The U.S. food safety system has been in trouble for a long time; the most recent examples of its failings in the food safety arena are the current outbreak of salmonella in peanut butter, which has killed 9 and sickened more than 600, and last summer’s outbreak of salmonella in peppers. Sadly, there are many other examples that demonstrate that the FDA – the agency that is supposed to oversee the safety of an enormous array of foods that consumers bring into their homes every day, from peanut butter to pet food – is currently not able to adequately protect Americans.
Many in the consumer community have been sounding the alarm on the need for new food safety protections for a long time. However, the latest outbreak – the second in 2 years – of salmonella in a ubiquitous and seemingly “low-risk” food such as peanut butter has only heightened the need for prompt action to give the FDA the authorities and resources it needs to protect consumers. Your bill would make a number of much-needed improvements at the FDA, and help begin to restore consumer confidence in the safety of our nation’s food supply.
Among its reforms, your bill:
• Recognizes the need to prevent foodborne illnesses before they happen by requiring hazard analysis and risk-based preventative control plans. Your bill requires domestic food facilities to identify food safety dangers and to develop a written plan to minimize or prevent hazards. It is an important first step to a safer food supply system and could help avert dangerous hazardous food outbreaks and recalls.

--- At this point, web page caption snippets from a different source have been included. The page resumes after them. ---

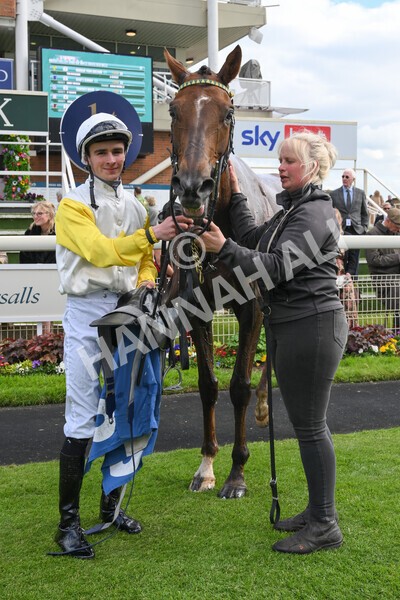 yr11052022r6-35 - Race 6 4.45pm Conundrum HR Consulting Stakes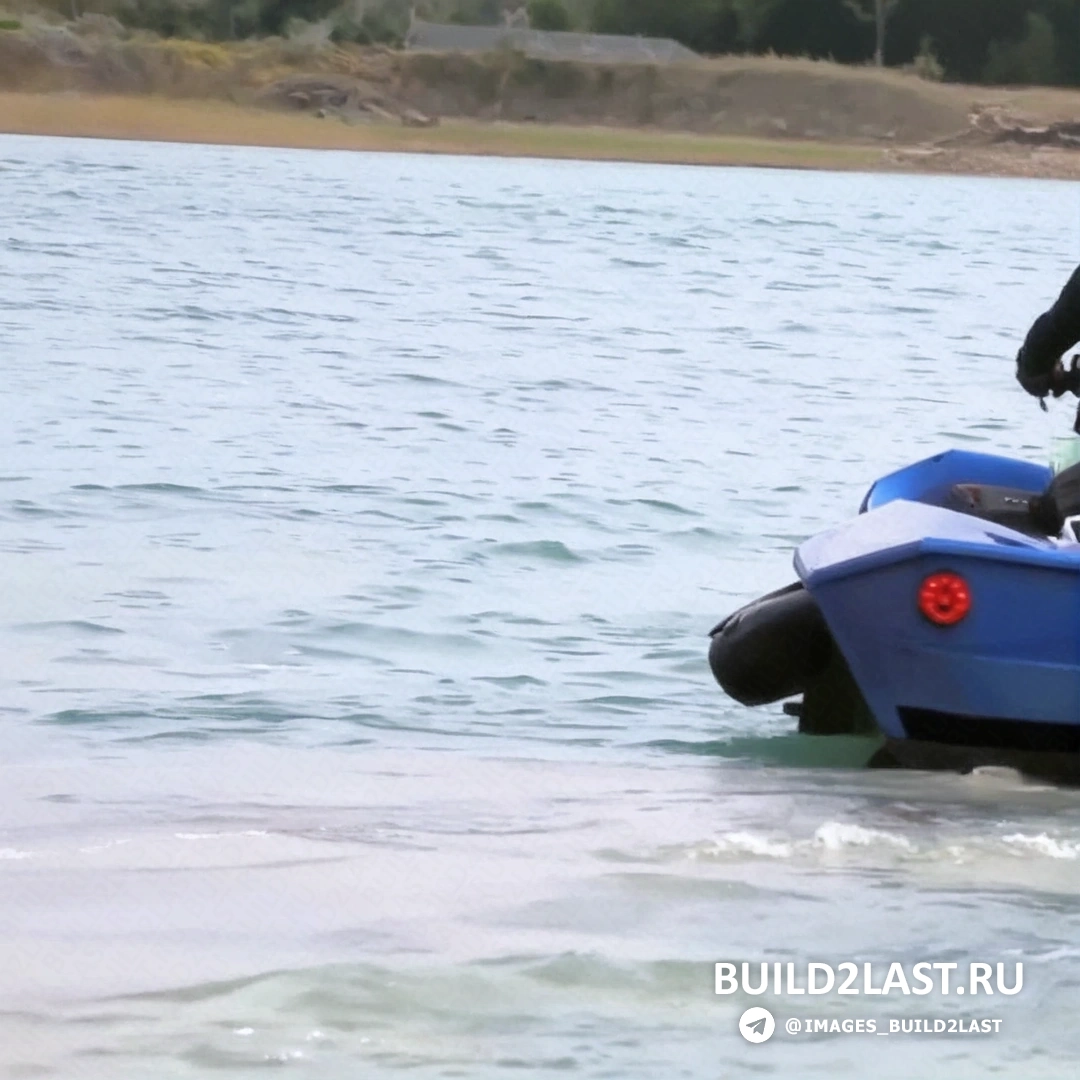 Квадроцикл-амфибия Quadski в ночной съемке Quadski в ночной съемке, освещенный фарами на фоне темного неба
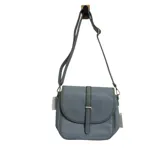 Cartera tipo bandolera de cuero sintético en color celeste grisáceo, con solapa frontal, detalle de tira vertical decorativa con aplique metálico y correa larga ajustable.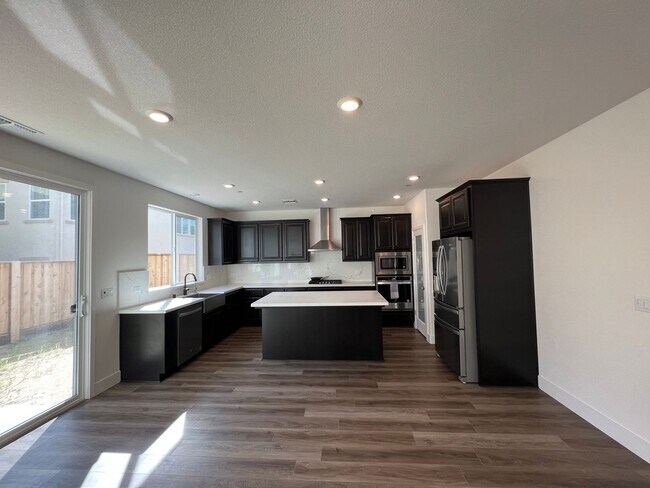 Building Photo - Gorgeous Nearly New Home With Solar 4 Bed,...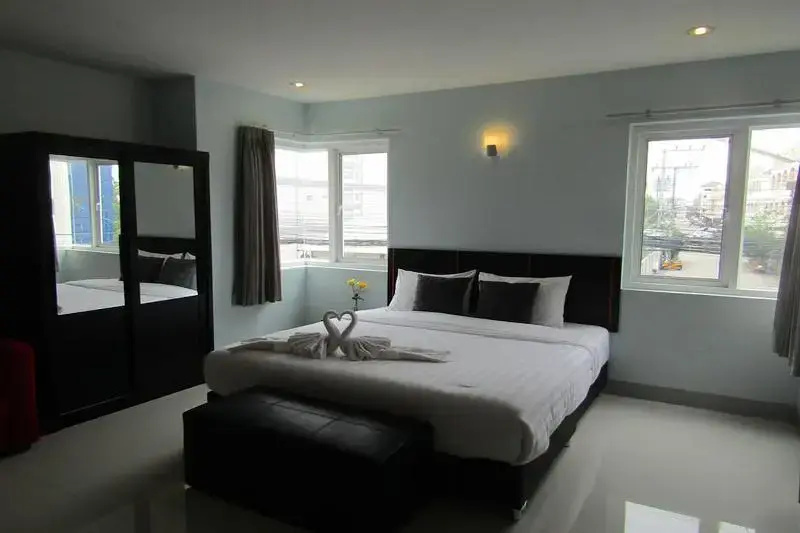 Deluxe Double room with balcony (full double bed)
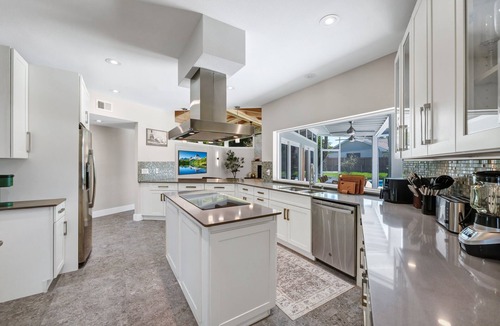 Bay Hill House | Exquisite Luxury Home Minutes from All Theme Parks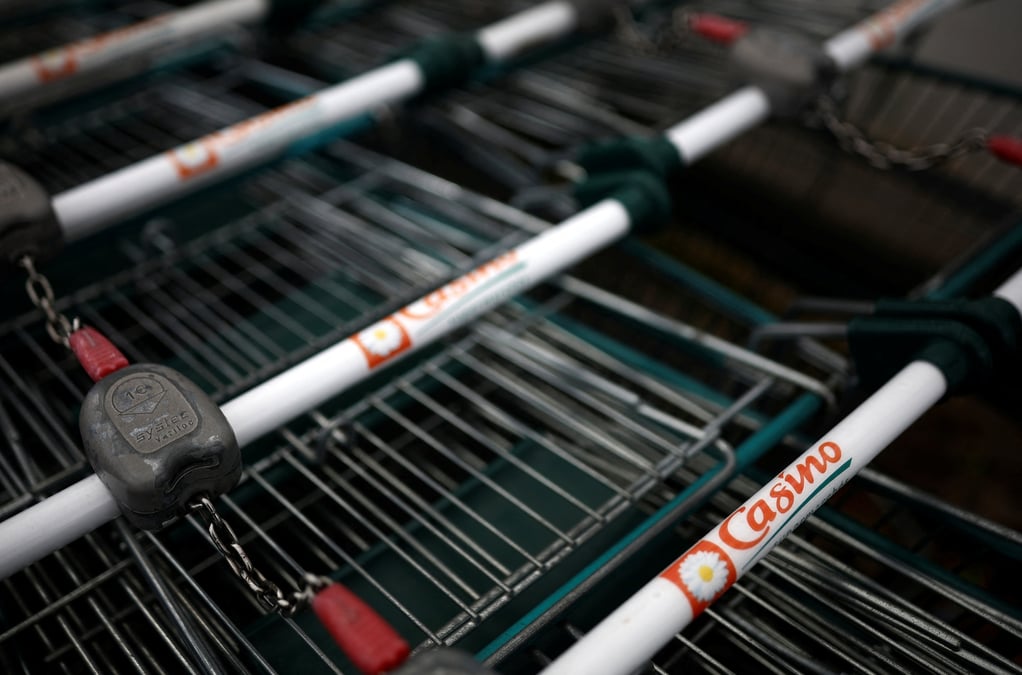 Un logo du groupe francais casino sur un chariot a l'exterieur d'un supermarche a nantes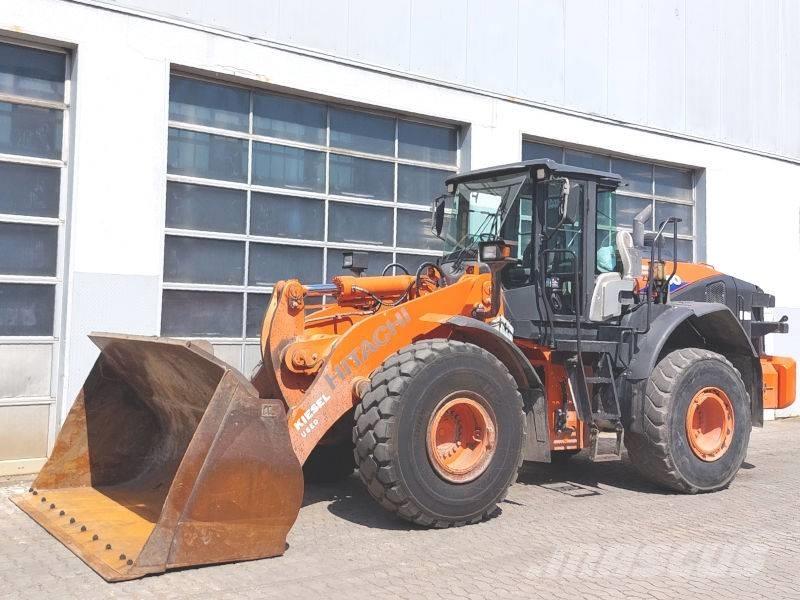 Hitachi ZW 250-6 لوادر بعجل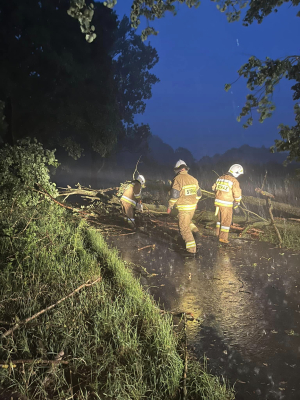 Kule gradu i silny wiatr na Dolnym Śląsku [ZDJĘCIA] - 1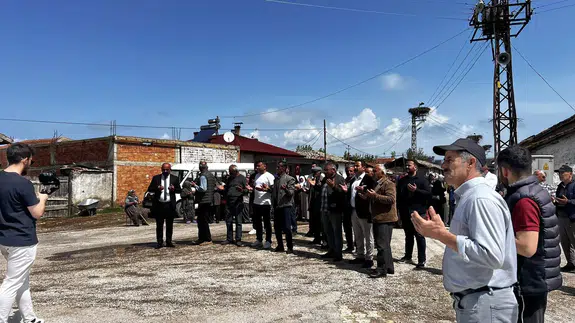 Merzifon’da Hac Heyecanı! Köy Meydanında Duygulandıran Anlar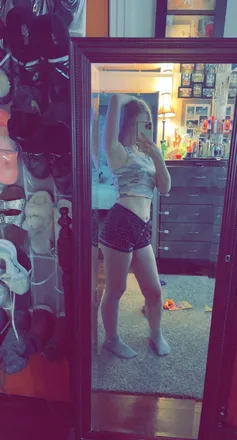 OnlyFans cuenta luvkenzieee header 2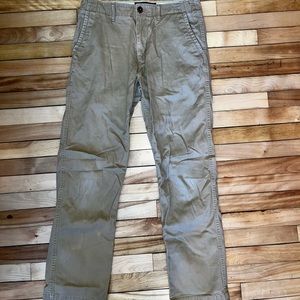 Men’s American Eagle kakis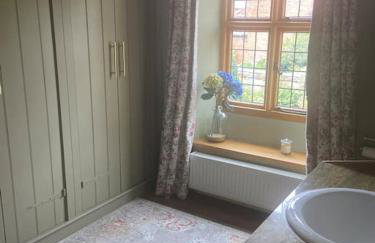 The Old Mint House F1 Silverstone Racetrack - Foto 25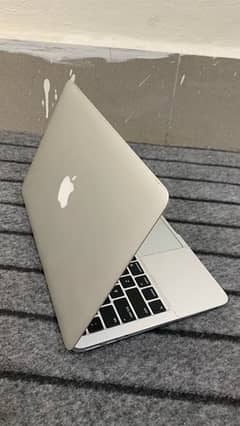 macbook air 2015 10/10 Condition Just Like new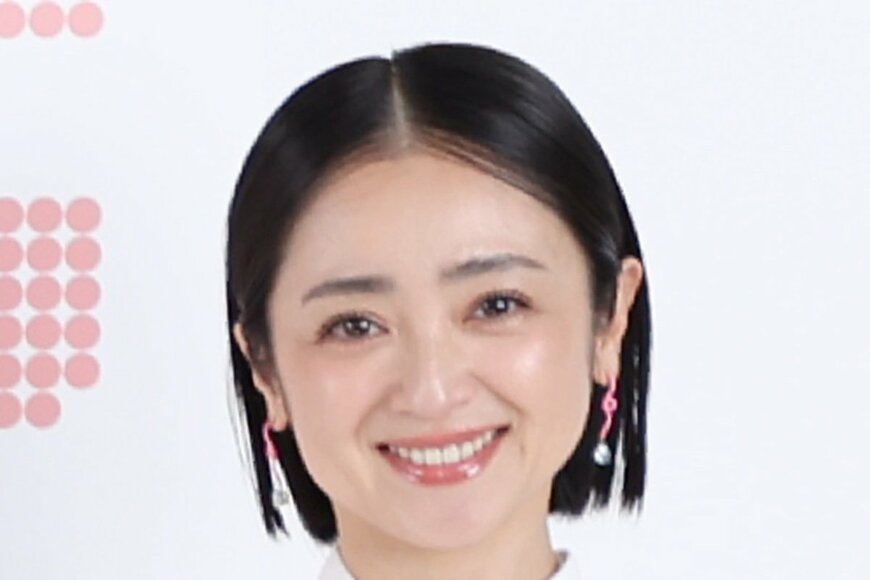 ”永遠の少女”43歳・安達祐実 ふわふわピンクワンピ姿にSNS注目「あら可愛い」「少女みたい」「ギャップありすぎ」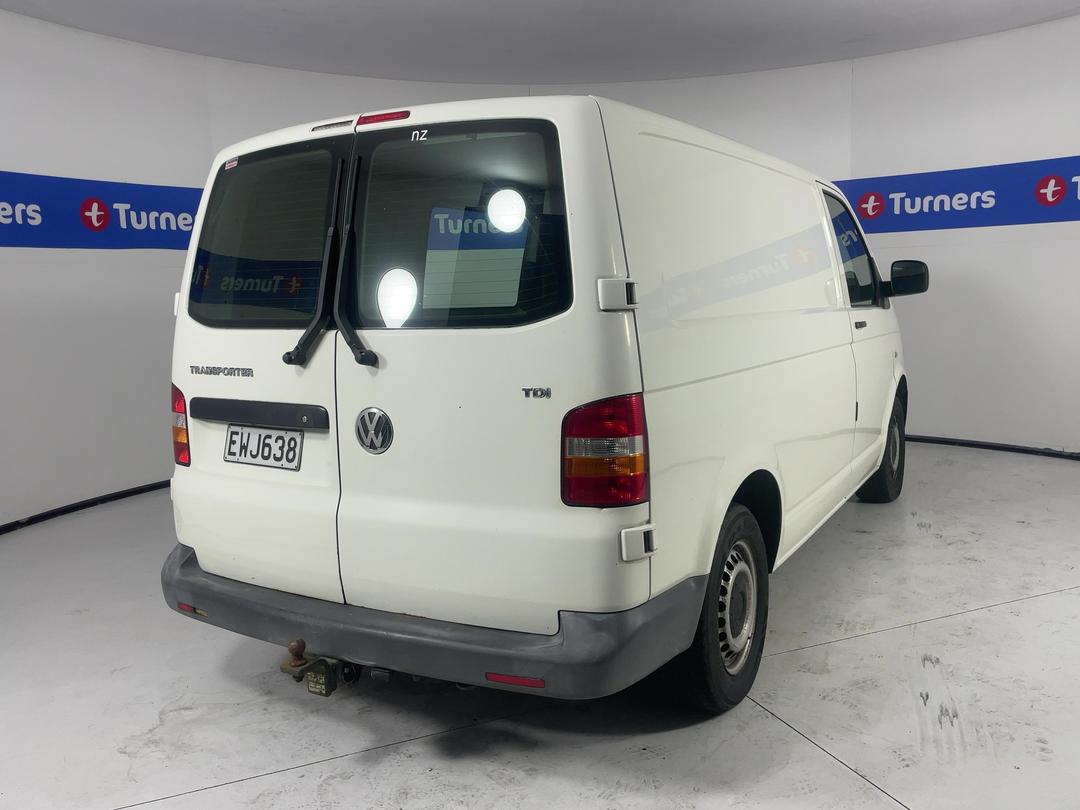 Photo '7' of Volkswagen T5 SWB TDI TIP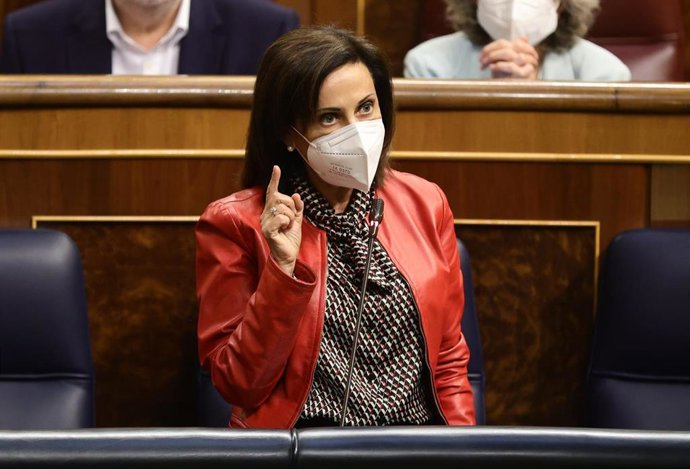 La ministra de Defensa, Margarita Robles, interviene en una sesión de control, en el Congreso de los Diputados, a 11 de mayo de 2022, en Madrid (España). El pleno está marcado por las preguntas de la oposición al Ejecutivo central tras la destitución de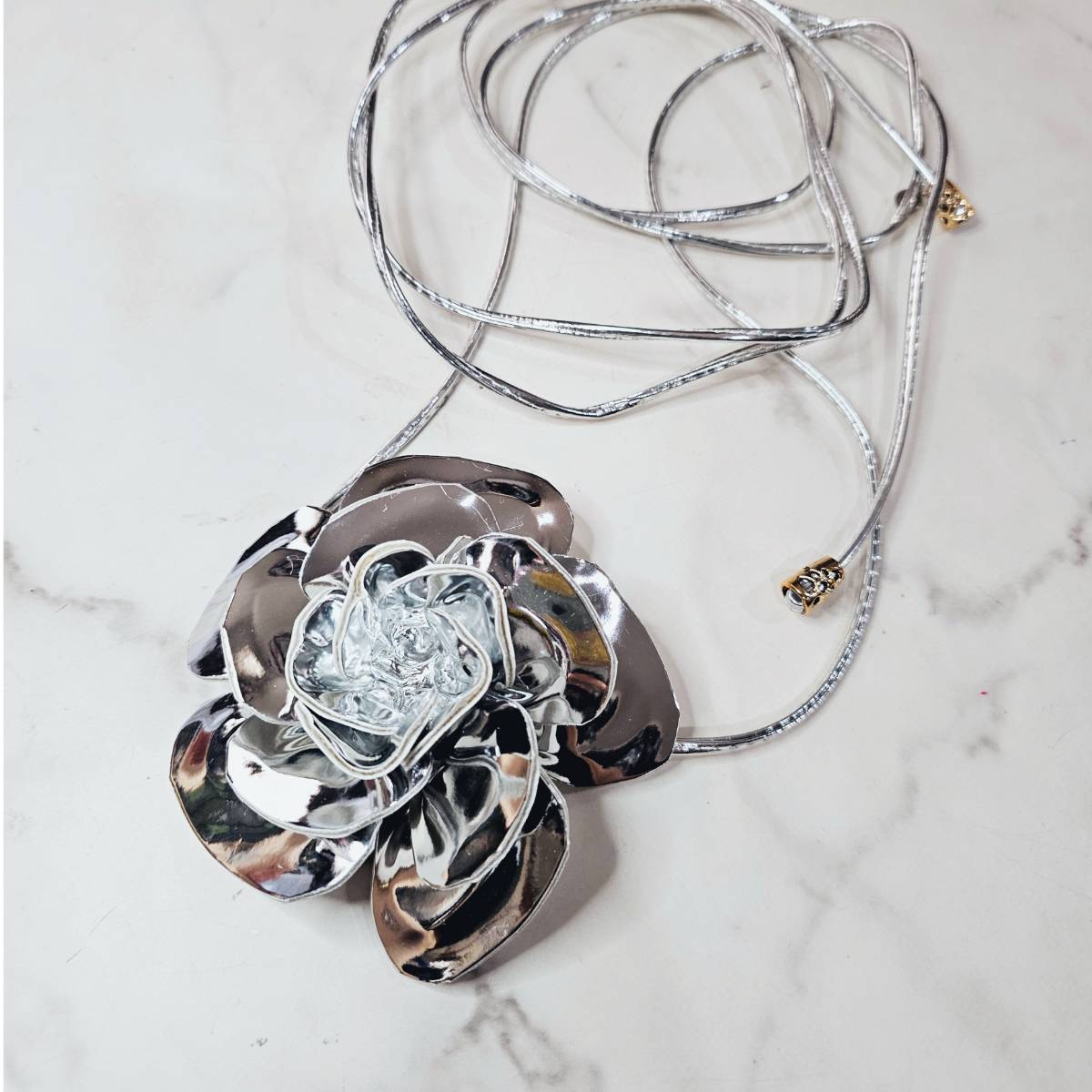 Metallic Helena Flower Belt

• Gives the FDA mandatory recall authority to remove unsafe and dangerous products from the stream of commerce. Many consumers are shocked to find out that FDA does not already have the ability to order the recall of a food if a company has failed to voluntarily recall the product on its own, if the food will cause serious adverse health consequences or death. By giving the agency this critical authority, your bill will help to put FDA back in the driver’s seat on consumer safety.
• Addresses the unique safety problems associated with produce. Your bill also directs FDA to place its standard-setting focus on a category of food – produce – and on those contaminants that are most often involved in foodborne illness outbreaks. This direction will finally ensure the agency is going after the problems we have seen arise time and time again.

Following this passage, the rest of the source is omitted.